Secondo il Gfn, sono quattro i fattori chiave che configurano la domanda di risorse di un Paese: come l’amministrazione gestisce l’edificazione in particolare delle città; come fornisce energia; quali sono gli standard nutritivi dei suoi cittadini; quanti abitanti conta rispetto al territorio.

L’organizzazione continua ad accompagnare l’allarme, ogni anno, con le misure utili per invertire la tendenza. Insieme con altre 30 organizzazioni nate in diverse parti del mondo, l’associazione Gfn ha lanciato la campagna «Steps to #MoveTheDate», che indica cinque ambiti su cui poter incidere: energia, cibo, città, popolazione, e pianeta. Si propongono alcune azioni concrete da mettere in pratica subito, spiegando di quanto potrebbero limitare i danni.

Innanzitutto, tra le raccomandazioni si legge l’invito a ridurre la componente delle emissioni di co2 del 50 per cento, che sposterebbe la data di ben 93 giorni. Poi c’è il suggerimento di sostituire il 50 per cento di consumo di carne con una dieta vegetariana, che — sempre secondo i calcoli e se messo in atto da tutti — contribuirebbe a spostare la data di 15 giorni.

Non si tratta solo di un discorso di sopravvivenza del pianeta, ma anche di qualità della vita. Mathis Wackernagel, co-inventore della contabilità dell’impronta ecologica e fondatore del Global footprint network, assicura che «le aziende e i Paesi che comprendono e gestiscono la realtà dell’operare in un contesto planetario sono in una posizione di gran lunga migliore nell’affrontare le sfide del xxi secolo».

Ma c’è un discorso anche strettamente personale. Rientra nella campagna anche il «footprint calculator», strumento che permette di calcolare la personale impronta ecologica oltre che l’Overshoot day personale.

Tra il punto di vista globale e quello personale, l’analisi può farsi macroregionale. È evidente che l’impatto ambientale mette sempre più in sofferenza i territori della Terra già ampiamente destabilizzati a causa di siccità, deforestazione e desertificazione. Ma ci sono poi altre aree da fotografare. Si distinguono, infatti, tristemente sul mappamondo le zone degli Stati Uniti e dell’Europa: se tutti vivessimo come gli abitanti degli Usa — dove si stima che ogni cittadino sprechi 95 chilogrammi di cibo l’anno e dove le emissioni dei cosiddetti «Greenhouse Gas» derivanti dai combustibili fossili, dalla produzione di elettricità e dai trasporti, sono tra le più alte del mondo — avremmo bisogno di ben cinque pianeti. Ma i Paesi dell’Unione europea non possono sentirsi tanto più virtuosi: hanno raggiunto già a metà maggio la data che sancisce lo sfruttamento di tutte le risorse naturali in grado di essere rigenerate in un anno e il consumo arriverebbe a quanto dovrebbero assicurare due pianeti. Secondo i dati, l’Unione europea, nonostante ospiti solo il sette per cento della popolazione mondiale, consuma quasi il 20 per cento della biocapacità della Terra. La nazione che per prima ha esaurito le risorse a disposizione è stata la più ricca d’Europa, il Lussemburgo. Un dato che torna in altre aree del mondo: anche spostandosi fuori del vecchio continente, in testa alla classifica dei maggiori consumatori si trova un Paese piccolo, il Qatar.

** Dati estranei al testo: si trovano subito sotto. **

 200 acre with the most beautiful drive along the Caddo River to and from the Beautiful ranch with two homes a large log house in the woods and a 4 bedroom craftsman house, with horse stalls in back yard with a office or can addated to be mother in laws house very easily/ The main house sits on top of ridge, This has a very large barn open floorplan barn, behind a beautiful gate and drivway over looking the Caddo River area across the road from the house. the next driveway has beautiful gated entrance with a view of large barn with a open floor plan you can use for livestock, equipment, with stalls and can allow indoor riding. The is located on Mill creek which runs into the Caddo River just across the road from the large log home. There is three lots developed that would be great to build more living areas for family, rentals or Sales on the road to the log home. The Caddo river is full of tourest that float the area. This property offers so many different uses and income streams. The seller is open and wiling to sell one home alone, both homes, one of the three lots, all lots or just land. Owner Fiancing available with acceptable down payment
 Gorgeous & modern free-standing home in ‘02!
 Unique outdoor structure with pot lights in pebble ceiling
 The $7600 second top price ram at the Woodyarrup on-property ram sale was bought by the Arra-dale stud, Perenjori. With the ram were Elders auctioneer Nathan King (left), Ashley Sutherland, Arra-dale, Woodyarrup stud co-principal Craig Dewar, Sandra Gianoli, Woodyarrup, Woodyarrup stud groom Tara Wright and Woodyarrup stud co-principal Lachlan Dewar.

C’è una lista anche dei Paesi più green e vi figurano Giamaica e Vietnam: si calcola che se tutti avessero lo stesso standard di consumo di questi due Paesi, le risorse verrebbero esaurite non prima di metà dicembre.

In generale, gli esseri umani stanno degradando gli ambienti naturali e i servizi ecosistemici. E, se la tendenza a sfruttare tali risorse come se non ci fosse un domani potrebbe risalire all’Homo Sapiens, indubbiamente è stata esponenzialmente esacerbata dall’avvento del consumismo e da un concetto di crescita a tutti i costi. Da anni non manca la voce della scienza a ricordarlo. In quanto a responsabilità, nessuno si senta escluso.